Chief Al Britnell of the Charleston County Aviation Authority Police said Killen was ticketed because he made an illegal U-turn, went the wrong way on a busy one-way road and couldn’t present proof of car insurance. While Boeing prefers not to have photos taken of its operation, police do not ticket anyone for doing so unless they are violating the law, he said.
“We’re not going to confiscate anyone’s camera,” he said.
Killen said he was visiting the airport with a friend and just wanted to get some photos of the large plane parked outside Boeing’s mammoth plant adjacent to the airport.
The plane, called a Dreamlifter, is a modified 747 cargo jet that Boeing uses to transport 787 parts from suppliers around the world.
Killen said they snapped a couple of shots from the airport’s cellphone waiting area and then circled around as he was leaving the lot to reach a better vantage point along the fence. When they stopped, an officer arrived with blue lights flashing and scolded them for taking photos of the aircraft, he said.
The officer then handed him a $445 ticket for careless driving and a $237 citation for not having an up-to-date insurance card handy, Killen said. The old card recently expired and he forgot to put the new one in his Mini Cooper, he said.
Britnell said the officer, Aaron Reed, did nothing wrong. Reed stopped Killen after seeing him pull a U-turn on the one-way access road to the airport and head back in the wrong direction. Killen then parked in a restricted area near the airport’s fuel depot that is clearly marked for authorized personnel only, he said.

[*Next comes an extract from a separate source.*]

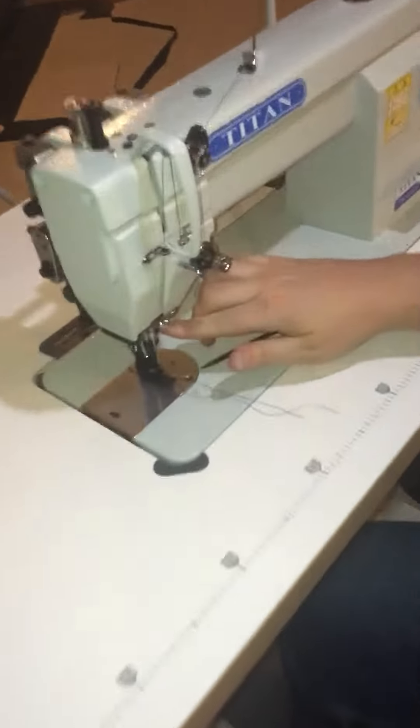Then you're just going to tighten up that screw — nice and snug, all the way hand tight with the screwdriver. Then re-thread the needle: thread comes from the outside to the inside of the machine, and then again through the presser foot. And that's how you change the needle.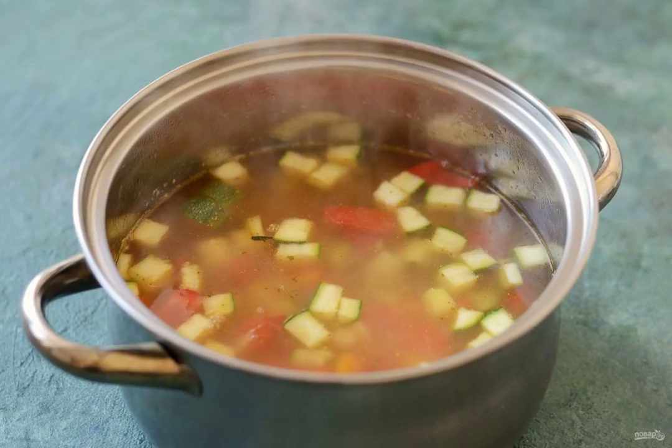Pour in the broth and bring to a boil. Add salt to taste. Cook on low heat for 30 minutes.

State law requires drivers to carry valid proof of insurance, and Killen can probably dispense with that citation simply by documenting that he has coverage, Britnell said.
Britnell said police aren’t out to hassle anybody. In a post-9/11 world, officers have a duty to politely discourage photography of some sensitive airport features and to check on people parked along fence lines to ensure security is not being compromised, Britnell said. “We have an obligation to find out what’s going on,” he said.
Killen, however, thinks police went too far in this instance. “I’m just an innocent tourist, and this is what I end up with?”